Case ID: so2d_394/html/0903-01.html
Source: Caselaw Access Project
Author: {"author": "WALKER, Justice,", "license": "Public Domain", "url": "https://static.case.law/"}
Date Created: 2024-08-24T03:29:51.129683

Jerrie WATTS v. Eddie LUCAS (Warden, Mississippi State Penitentiary), State of Mississippi.
    No. 52338.
    Supreme Court of Mississippi.
    March 4, 1981.
    Jerrie Watts, pro se.
    Bill Allain, Atty. Gen. by Catherine Walker Underwood, Sp. Asst. Atty. Gen., Jackson, for appellee.
    Before PATTERSON, P. J., and SUGG and WALKER, JJ.
   WALKER, Justice,

for the Court:

This is an appeal from an order denying a writ of habeas corpus.

Jerrie Watts filed, pro se, a pleading styled “Petition for Writ of Habeas Corpus” on May 3,1980, in the Circuit Court of Pike County.
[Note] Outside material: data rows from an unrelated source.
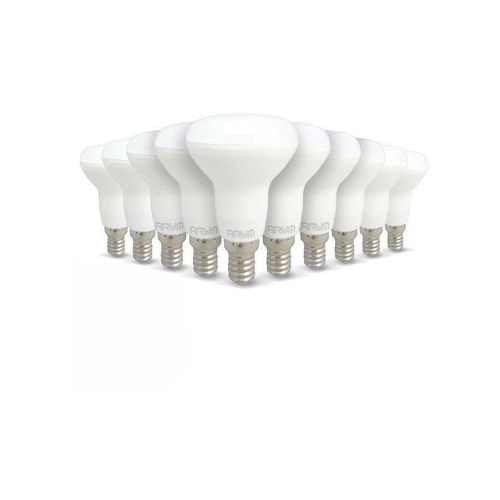 3700710818717 - Eclairage Design - Set mit 10 LED-Lampen E14 R50 6W Gl 50W Température de Couleur Blanc chaud 2700K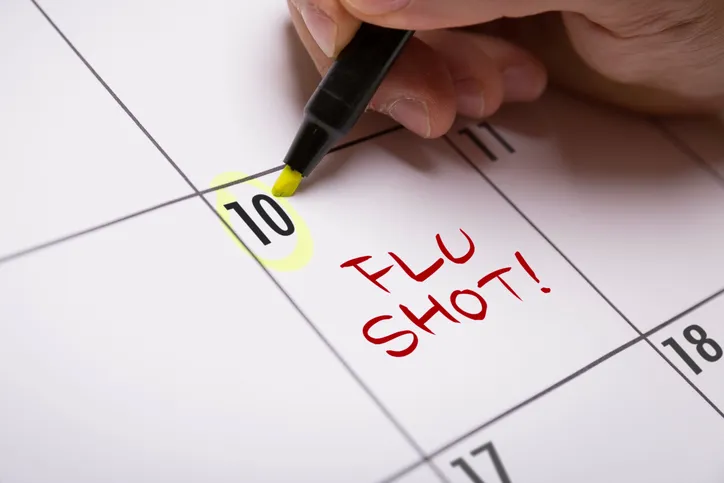 The flu vaccine is here! Are you?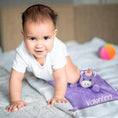 Load image into Gallery viewer, Personalized Unicorn Security Blanket for Babies 12"
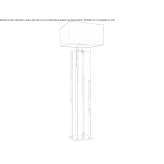 Metal floor lamp Amotfors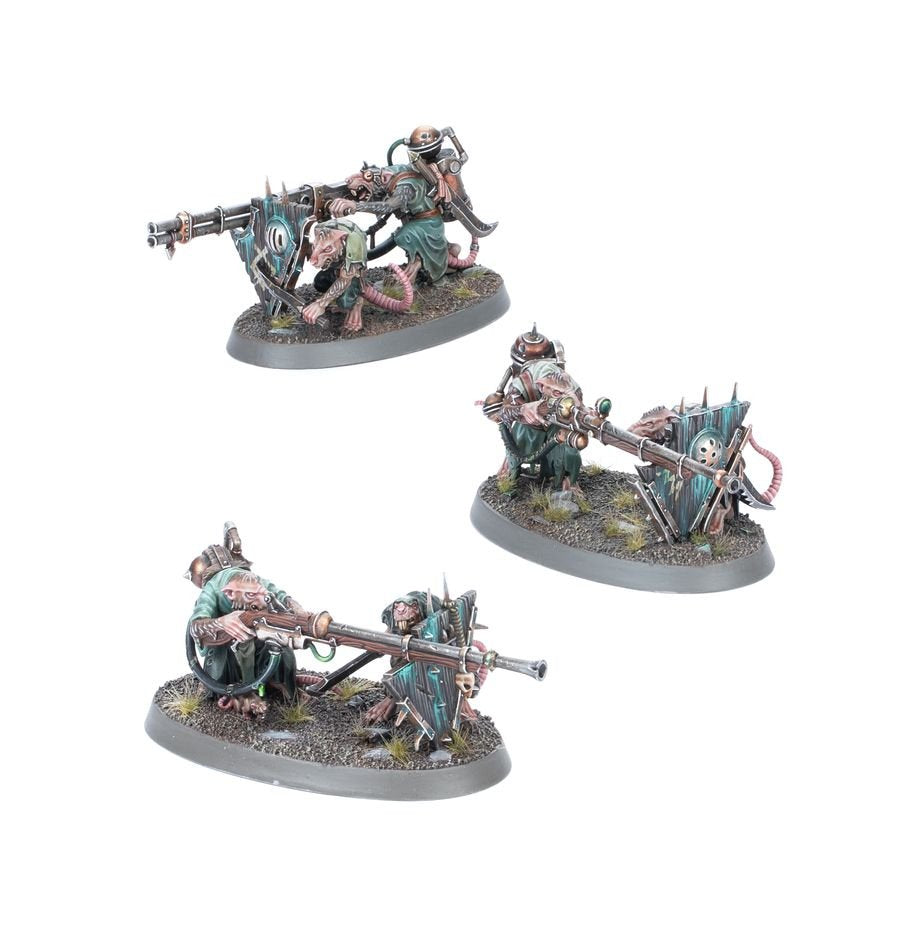 Warhammer Aos - Battleforce Noel 2025 Skaven : Malenue Skryre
He alleged that during the March 1968 Term of the Circuit Court of Pike County he was tried and convicted on charges of murder, rape and kidnapping, for which crimes he was sentenced to serve three separate life sentences. He further alleged that the sentences imposed were to run concurrently, but that the records at the Mississippi State Penitentiary show that the sentences are to run consecutively.

The circuit judge was of the opinion that the petition showed no cause for relief on its face and entered an order denying the writ of habeas corpus. Hence, this appeal.
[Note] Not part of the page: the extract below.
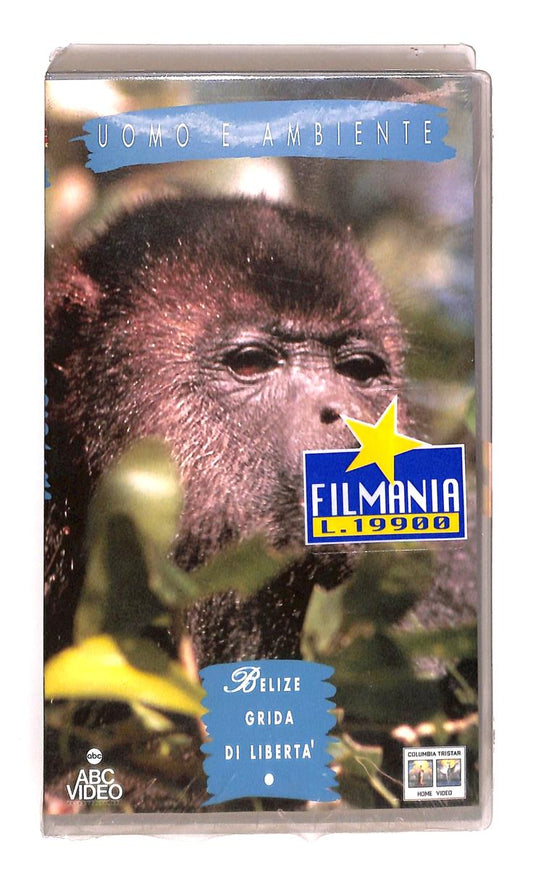 EBOND Belize Grida Di Liberta Uomo e Ambiente Columbia Winners VHS VH004979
At the outset we note that courts must look to the substance of any petition filed seeking a post-conviction remedy rather than considering such petition by its title. Young v. State, 264 So.2d 821 (Miss.1972). Since the petitioner is not seeking immediate release, but only a judicial determination of when he is eligible to be considered for parole, we consider his pleading as a petition to clarify his sentence.

Mississippi Code Annotated section 99-19-21 (1972) provides:

When a person is sentenced to imprisonment on two or more convictions, the imprisonment on the second, or each subsequent conviction, shall commence at the termination of the imprisonment for the preceding conviction, and the sentence ought to so specify. Provided, however, that when a person is convicted at the same term of a circuit or county court of more than one offense, the judge of such court may impose sentences on such convictions to run concurrently.
All orders imposing sentences heretofore to run concurrently, if so ordered, are hereby validated and confirmed. (Emphasis added).

In Maycock v. Reed, 328 So.2d 349 (Miss.1976), we construed this statute to mean that if more than one sentence is imposed at the same term of court the sentences are to run consecutively, unless the judge in his discretion orders the sentences to run concurrently. Where the judge does not specify whether the sentences are to run consecutively or concurrently, they must be construed to run consecutively, except under circumstances hereinafter discussed.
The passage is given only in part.